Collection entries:
⟨
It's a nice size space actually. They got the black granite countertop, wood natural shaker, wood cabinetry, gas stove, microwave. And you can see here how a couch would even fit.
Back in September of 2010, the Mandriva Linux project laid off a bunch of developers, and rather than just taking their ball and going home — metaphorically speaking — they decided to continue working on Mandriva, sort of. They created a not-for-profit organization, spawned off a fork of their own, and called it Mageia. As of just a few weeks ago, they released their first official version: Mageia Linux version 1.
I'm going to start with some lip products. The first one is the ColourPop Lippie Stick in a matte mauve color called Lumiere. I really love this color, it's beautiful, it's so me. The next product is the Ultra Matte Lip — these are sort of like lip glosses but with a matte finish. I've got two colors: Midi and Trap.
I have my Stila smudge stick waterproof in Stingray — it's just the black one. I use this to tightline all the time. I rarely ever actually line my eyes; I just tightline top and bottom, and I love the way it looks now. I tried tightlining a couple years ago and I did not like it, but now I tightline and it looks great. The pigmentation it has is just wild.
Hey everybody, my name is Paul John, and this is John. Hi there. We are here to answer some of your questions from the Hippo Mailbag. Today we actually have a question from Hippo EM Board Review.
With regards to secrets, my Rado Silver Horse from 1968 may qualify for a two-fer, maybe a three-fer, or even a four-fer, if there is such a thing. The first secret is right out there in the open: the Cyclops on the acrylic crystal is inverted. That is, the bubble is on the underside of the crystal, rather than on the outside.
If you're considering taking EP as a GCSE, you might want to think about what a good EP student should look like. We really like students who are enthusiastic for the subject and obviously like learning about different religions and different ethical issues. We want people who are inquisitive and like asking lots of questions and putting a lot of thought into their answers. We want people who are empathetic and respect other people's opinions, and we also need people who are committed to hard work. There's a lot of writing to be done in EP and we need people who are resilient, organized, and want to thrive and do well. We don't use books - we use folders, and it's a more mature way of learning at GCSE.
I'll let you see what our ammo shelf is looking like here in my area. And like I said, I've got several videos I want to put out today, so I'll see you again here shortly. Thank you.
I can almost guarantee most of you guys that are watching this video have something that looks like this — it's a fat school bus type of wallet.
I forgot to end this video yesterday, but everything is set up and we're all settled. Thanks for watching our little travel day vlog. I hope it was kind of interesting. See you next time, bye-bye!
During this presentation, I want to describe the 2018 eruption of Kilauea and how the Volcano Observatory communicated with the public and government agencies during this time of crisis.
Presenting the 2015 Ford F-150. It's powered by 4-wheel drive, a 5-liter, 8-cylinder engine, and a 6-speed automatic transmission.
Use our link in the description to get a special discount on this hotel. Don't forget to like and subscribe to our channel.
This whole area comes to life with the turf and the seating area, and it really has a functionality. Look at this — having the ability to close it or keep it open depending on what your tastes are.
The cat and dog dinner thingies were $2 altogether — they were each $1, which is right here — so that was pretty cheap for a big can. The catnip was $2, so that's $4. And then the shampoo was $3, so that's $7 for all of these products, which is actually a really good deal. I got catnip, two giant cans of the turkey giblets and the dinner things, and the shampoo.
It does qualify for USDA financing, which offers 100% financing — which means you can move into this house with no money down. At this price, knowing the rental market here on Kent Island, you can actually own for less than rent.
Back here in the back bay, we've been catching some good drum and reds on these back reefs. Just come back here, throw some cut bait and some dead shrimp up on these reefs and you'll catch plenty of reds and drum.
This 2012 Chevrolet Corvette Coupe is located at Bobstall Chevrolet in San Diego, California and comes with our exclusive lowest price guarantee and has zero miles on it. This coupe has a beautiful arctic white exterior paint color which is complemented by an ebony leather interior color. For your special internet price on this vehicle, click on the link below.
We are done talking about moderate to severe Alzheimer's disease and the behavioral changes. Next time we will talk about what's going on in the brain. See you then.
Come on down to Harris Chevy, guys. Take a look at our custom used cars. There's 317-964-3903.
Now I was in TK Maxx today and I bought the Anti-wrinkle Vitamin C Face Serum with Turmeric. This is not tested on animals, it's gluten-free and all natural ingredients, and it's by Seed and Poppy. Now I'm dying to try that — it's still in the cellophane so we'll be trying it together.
⟩
§ BRIEF:
From the records above, retype only the lines starting at the line that contains "I forgot to" and ending at the line that contains "Use our link", both included.

§ TASK RESULT:
I forgot to end this video yesterday, but everything is set up and we're all settled. Thanks for watching our little travel day vlog. I hope it was kind of interesting. See you next time, bye-bye!
During this presentation, I want to describe the 2018 eruption of Kilauea and how the Volcano Observatory communicated with the public and government agencies during this time of crisis.
Presenting the 2015 Ford F-150. It's powered by 4-wheel drive, a 5-liter, 8-cylinder engine, and a 6-speed automatic transmission.
Use our link in the description to get a special discount on this hotel. Don't forget to like and subscribe to our channel.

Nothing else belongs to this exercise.